Tell people why you’re passionate about your privacy project and committed to making it happen.

An efficient BFT protocol which takes into account the following conditions is still a challenge for blockchain community:

  • The adversary can arbitrarily delay messages sent by honest processes.
  • Proposer can be byzantine.
  • The network traffic delay is unpredictable.

To design a new consensus that could solve these issues more efficiently than the view change approach is an interesting problem.

What’s your plan?
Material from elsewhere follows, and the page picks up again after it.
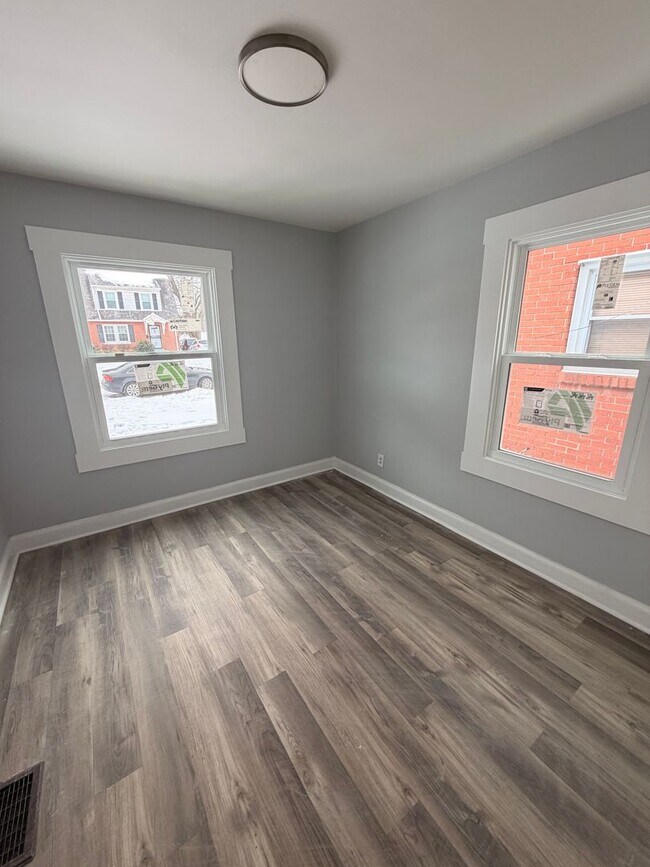 Building Photo - Gorgeous fully renovated 3 br house!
What’s your schedule?

There are 3 parts to this plan:

  1. Building consensus v2 (new consensus) module
  2. Refactor all other packages to use multiview
  3. Run multiview with consensus v1 (old consensus)
  4. Run multiview with consensus v2

Schedule (total 9 months), starting from Feb 15:

  • Writing protocol detail spec
  • Implement consensus module with multi-view chain
  • Refactor other package using multi-view chain
  • Testing and Launch testnet/mainnet
  • Working on byzantine problem
  • Testing and Launch testnet/mainnet
Milestone Deadline
Development Consensus v2 15 March
Development MultiView Protocol 30 March
Integration with other core features 15 April
Deploy multiview for consensus bft-v1 on testnet 30 April
Deploy multiview for consensus bft-v2 on testnet 30 June
Deploy multiview for consensus bft-v1 on mainnet 30 July
Deploy multiview for consensus bft-v2 on mainnet 30 Oct

How do you validate your work?

In the current network, when fork situation occurs, the fork block will be revert and network could be stuck for a long time. With this multi-view protocol, we allow fork block to insert into chain, and the block proposer selects the longest branch to continue. Hence, block fork will not make the network stuck. We expect to experience no delay during fork situation.

What’s your budget?

A simple breakdown lets community members know you’ve thought things through and have a workable plan, so they can trust you to use funds wisely.

The project will be undertaken by 6 engineers for 10 months:

Feb-2020

Resource Cost Resource Monthly Cost
Incognito Protocol Researcher - @dungtran 2000 PRV 1 2000 PRV
Incognito Protocol Platform Engineer - @0xkumi 2000 PRV 1 2000 PRV
Incognito Engineer - @lam 1000 PRV 1 1000 PRV
Incognito Engineer - @hungngo (1/2 resource) 1000 PRV 1 500 PRV
Incognito Engineer - @duybao (1/4 resource) 2000 PRV 1 500 PRV
Incognito Engineer - @hyng (1/4 resource) 1000 PRV 1 250 PRV
Subtotal 6250 PRV
Total (x 1 months) 6250 PRV

March-April 2020

Resource Cost Resource Monthly Cost
Incognito Protocol Researcher - @dungtran 2000 PRV 1 2000 PRV
Incognito Protocol Platform Engineer - @0xkumi 2000 PRV 1 2000 PRV
Incognito Engineer - @lam,@hungngo,@hyng 1000 PRV 3 3000 PRV
Incognito Engineer - @duybao 2000 PRV 1 2000 PRV
Subtotal 9000 PRV
Total (x 2 months) 18000 PRV

From May-July 2020

Resource Cost Resource Monthly Cost
Incognito Protocol Platform Engineer - @0xkumi 2000 PRV 1 2000 PRV
Incognito Engineer - @hungngo,@hyng 1000 PRV 2 2000 PRV
Incognito Engineer - @duybao 2000 PRV 1 2000 PRV
Subtotal 6000 PRV
Total (x 3 months) 18000 PRV

Is there an existing conversation around this idea?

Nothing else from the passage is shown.